Crawled caption data
★ ★ ★ ★ ★
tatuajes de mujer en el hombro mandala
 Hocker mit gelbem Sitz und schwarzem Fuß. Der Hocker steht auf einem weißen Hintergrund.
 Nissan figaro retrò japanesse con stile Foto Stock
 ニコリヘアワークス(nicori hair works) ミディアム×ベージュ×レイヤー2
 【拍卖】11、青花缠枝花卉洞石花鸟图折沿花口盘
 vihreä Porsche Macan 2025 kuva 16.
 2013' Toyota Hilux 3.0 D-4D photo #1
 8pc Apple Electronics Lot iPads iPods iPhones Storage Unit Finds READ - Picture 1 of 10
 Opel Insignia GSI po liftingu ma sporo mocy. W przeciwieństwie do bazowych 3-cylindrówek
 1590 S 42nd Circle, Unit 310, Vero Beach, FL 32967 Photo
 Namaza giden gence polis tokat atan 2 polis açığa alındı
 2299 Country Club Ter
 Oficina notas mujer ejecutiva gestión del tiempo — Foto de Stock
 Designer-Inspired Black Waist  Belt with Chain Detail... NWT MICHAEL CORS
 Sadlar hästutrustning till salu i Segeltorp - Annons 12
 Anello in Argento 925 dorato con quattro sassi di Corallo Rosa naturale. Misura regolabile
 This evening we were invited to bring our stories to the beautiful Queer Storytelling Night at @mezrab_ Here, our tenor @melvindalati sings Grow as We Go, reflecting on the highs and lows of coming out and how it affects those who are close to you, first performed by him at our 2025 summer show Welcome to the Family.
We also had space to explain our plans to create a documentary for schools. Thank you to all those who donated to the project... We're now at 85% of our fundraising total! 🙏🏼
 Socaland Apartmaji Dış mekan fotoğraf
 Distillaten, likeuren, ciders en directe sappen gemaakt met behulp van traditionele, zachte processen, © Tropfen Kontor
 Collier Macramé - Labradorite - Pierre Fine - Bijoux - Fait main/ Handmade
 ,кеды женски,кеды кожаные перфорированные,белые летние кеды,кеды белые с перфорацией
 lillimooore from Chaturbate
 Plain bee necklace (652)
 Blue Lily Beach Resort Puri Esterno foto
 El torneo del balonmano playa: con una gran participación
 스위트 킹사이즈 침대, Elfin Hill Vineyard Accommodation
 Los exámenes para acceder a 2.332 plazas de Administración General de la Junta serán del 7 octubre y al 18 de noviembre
★ ★ ★ ★ ★
In the entries above, count each line that includes "Stock" and report the total with no other text.

2